La rue va-t-elle par ailleurs se calmer ? Rien n’est moins sûr. En voulant décréter la fin de la politique et de l’opposition gauche-droite au profit d’une gestion pragmatique et « efficace », le chef de l’État a en fait tué le dialogue syndical et le débat politique. Même si le pire n’est jamais sûr, cette démarche fait le lit des extrêmes, et il devient vraisemblable que le Rassemblement national, qui n’a rien proposé durant la crise des retraites, tirera les marrons du feu au prochain scrutin présidentiel.

Quant à la guerre en Ukraine, on ne voit pas à court terme quelle issue ce conflit, que Poutine mène comme une guerre de civilisation contre un « Occident dégénéré », pourrait connaître.

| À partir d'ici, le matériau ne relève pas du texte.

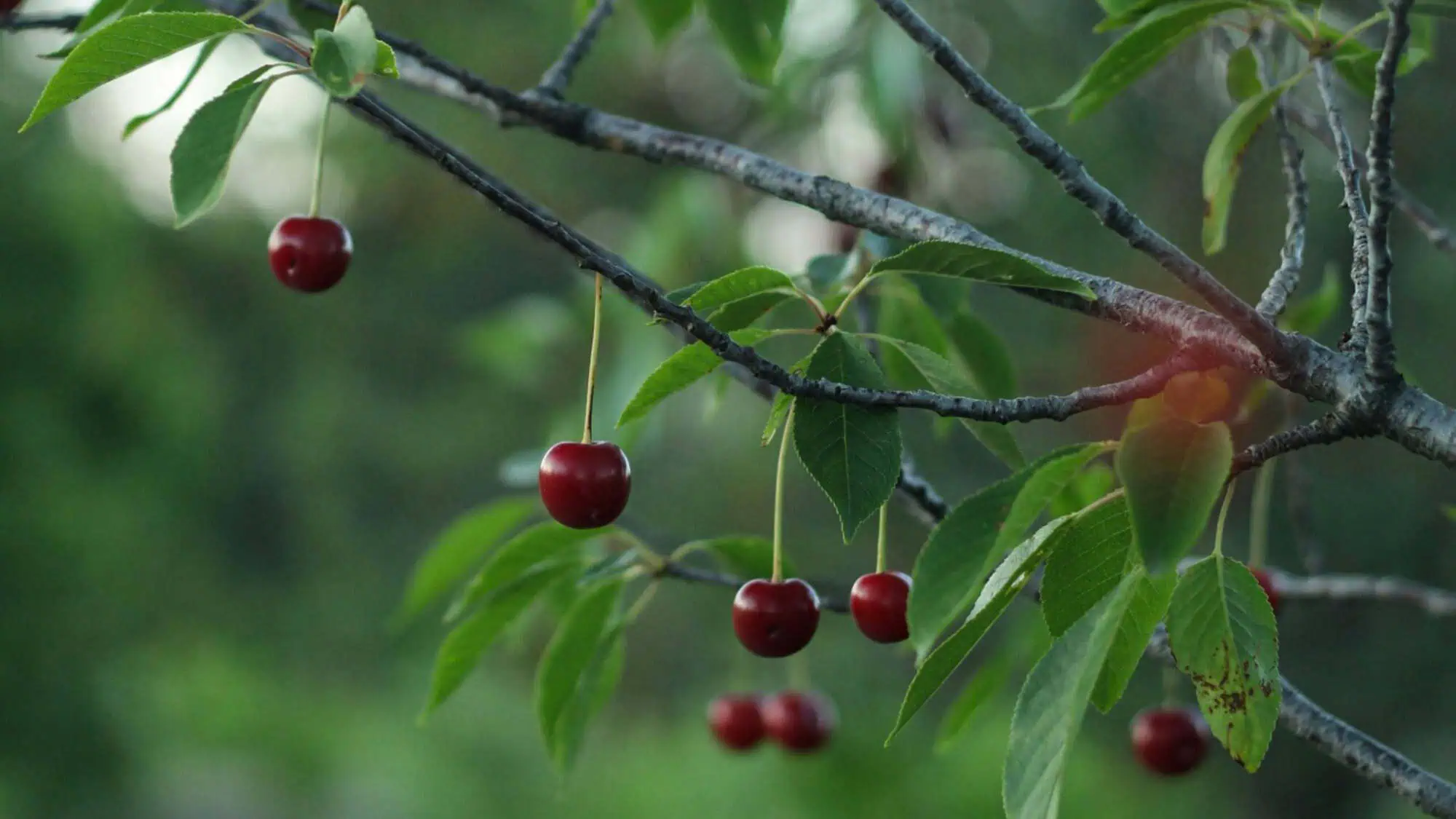 Several ripe red cherries hang from the branches of a tree, surrounded by green leaves with a blurred green background.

Et pourtant, il est ressuscité, il est vraiment ressuscité ! Comment vivre cette tension entre une réalité oppressante et une proclamation qui « met le monde à l’envers » en affirmant que la vie est plus forte que la mort ? Pour affronter ce paradoxe, il faut revenir à la source biblique, et constater que la résurrection du Christ est passée totalement inaperçue, selon le témoignage des Évangiles. L’évangéliste Matthieu a bien essayé de donner un peu de « tenue médiatique » à l’événement, en mettant en scène un grand tremblement de terre et un ange qui descend du ciel pour rouler la pierre. Mais il est le seul. Les trois autres présentent un récit beaucoup plus sobre, en particulier Jean, qui décrit simplement le tombeau vide, avec des détails matériels, mais sans messager en vêtement blanc. En revanche Jean relate avec précision la rencontre de Marie de Magdala avec Jésus le ressuscité, et leur émouvant dialogue qui se termine par un seul mot : Marie ! Le Christ ressuscité n’est pas dans la terre qui tremble ni dans le « bling-bling » médiatique, il est dans le silence et la douceur d’un jardin matinal, et nous appelle par notre nom. L’évangéliste Luc nous raconte aussi un événement qui a lieu après le tombeau vide : la route d’Emmaüs sur laquelle deux disciples cheminent avec le ressuscité. L’un des points communs entre les deux récits est que la parole de Jésus commence par des questions : « Pourquoi pleures-tu ? Qui cherches-tu ? » et « De quoi discutez-vous en marchant ? ». C’est peut-être là le secret de la résurrection : non pas le rêve d’un grand soir, mais l’attente et l’espérance d’un petit matin, où le Ressuscité vient nous rejoindre et nous interpeller là où nous sommes.